— Data excerpt —
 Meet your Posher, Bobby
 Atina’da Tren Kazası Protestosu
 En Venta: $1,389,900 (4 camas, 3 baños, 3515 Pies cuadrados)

— Exercise brief —
Every line of the data above is to be copied out exactly.

— Your solution —
 Meet your Posher, Bobby
 Atina’da Tren Kazası Protestosu
 En Venta: $1,389,900 (4 camas, 3 baños, 3515 Pies cuadrados)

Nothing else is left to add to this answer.